On comprend aisément qu’en Valais le Rhône suscite encore et toujours tant d’interrogations, d’inquiétudes et d’oppositions. Faut-il, à côté des grands patrimoines agricoles et viticoles liés à la terre, réviser les représentations négatives que l’on a des zones humides du passé et promouvoir un véritable patrimoine de l’eau et de ses espaces naturels ? Il y a là visiblement « des enjeux d’héritages, de mémoires et de futurs » conclut le duo de conférenciers.
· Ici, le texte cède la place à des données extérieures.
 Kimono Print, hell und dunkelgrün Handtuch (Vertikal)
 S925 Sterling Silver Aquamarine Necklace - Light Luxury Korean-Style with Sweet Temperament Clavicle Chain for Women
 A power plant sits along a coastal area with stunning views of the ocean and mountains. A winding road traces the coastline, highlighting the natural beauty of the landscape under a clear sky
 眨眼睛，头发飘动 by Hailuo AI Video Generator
D’où cette question qu’il laisse en suspens : « Le cloisonnement entre l’eau et les terres est-il toujours le bon prisme pour penser ce territoire ? »
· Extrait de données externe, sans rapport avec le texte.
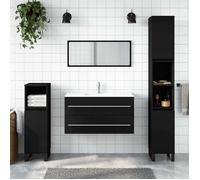 ""SALE 2026"" Meuble de lavabo de salle de bain Noir - Armoire de salle de bain avec miroir noir bois d'ingénierie PRO814655841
Qu’en est-il des sédiments charriés par le Rhône jusqu’au Léman ?

Quel genre d’impacts le changement climatique, la production hydro-électrique et d’autres interventions humaines dans le bassin versant du Rhône valaisan ont-ils sur l’apport de sédiments dans le fleuve et dans le Léman ? Une étude publiée en 2019 par des scientifiques des universités de Lausanne, Berne, Genève et de l’École polytechnique fédérale de Zurich [4] - et présentée au colloque par l’un de ses principaux auteurs, Stuart Lane, professeur à l’Université de Lausanne - a montré assez clairement que depuis les années 1980 les taux de sédimentation dans le lac ont plus que doublé alors qu’ils étaient à la baisse durant la vingtaine d’années précédentes.
Embouchure du Rhône dans le Léman : chaque année le fleuve déverse dans le lac plusieurs millions de tonnes de sédiments.
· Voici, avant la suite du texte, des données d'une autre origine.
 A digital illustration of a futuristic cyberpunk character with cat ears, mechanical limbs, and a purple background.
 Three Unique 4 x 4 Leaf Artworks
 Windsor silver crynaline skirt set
Ce constat a pu surprendre, car on pensait que les grands barrages bloquaient ou freinaient le transport naturel des sédiments de la montagne vers la plaine. La fonte accélérée des glaciers livre certes une première réponse assez logique et compréhensible à cet apport supplémentaire de débris minéraux. Mais les chercheurs ont également constaté qu’une part importante des sédiments provenant des prises d’eau des vallées latérales sont régulièrement évacués dans les rivières.

Ils ont aussi observé une hausse inattendue des apports de sédiments dans le Léman à partir de 2008. L’explication est ici d’un tout autre ordre. Cette année-là en effet, la crise financière internationale a fortement freiné les activités du secteur de la construction et celles aussi, forcément, des entreprises travaillant à l’extraction de sables et de graviers fluviaux. D’où le supplément notable d’alluvions arrivant dans le lac.
Est-ce à dire que les interventions humaines dans le cycle de l’eau valaisan (on pense aussi aux travaux de correction du Rhône) pourraient modifier la stratigraphie du Léman, c’est-à-dire les couches terrestres du fond du lac ? Stuart Lane en doute. Il est peu probable, selon lui, que ces impacts durent suffisamment longtemps pour être détectables dans les archives sédimentaires.

Article publié le 14 décembre dans Aqueduc info

1 L’association « Mémoires du Rhône » a pour but de favoriser les recherches interdisciplinaires sur le Rhône, son environnement et ses relations avec les riverains, dans la longue durée. Ses activités transparaissent principalement sous deux formes : des colloques destinés à faire le point sur les recherches les plus récentes sur le fleuve (14 éditions depuis 2004) et des publications scientifiques en collaboration avec les Archives de l’État du Valais (3 volumes parus jusqu’ici). Voir les pages dédiées à « Mémoires du Rhône » sur la Plateforme Rhône et sur le site de l’Université de Lausanne.
2 Trois des intervenants sur la thématique « archéologie » du colloque (Samuel van Willigen, Jean Montandon-Clerc, Fabien Maret) travaillent au sein de la société InSitu archéologie SA, créée en 2020 pour entreprendre des fouilles préventives en Valais et au Tessin.
3Voir l’article aqueduc.info : Le Rhône a connu des essais de correction aux 18e et 19e s. (février 2009).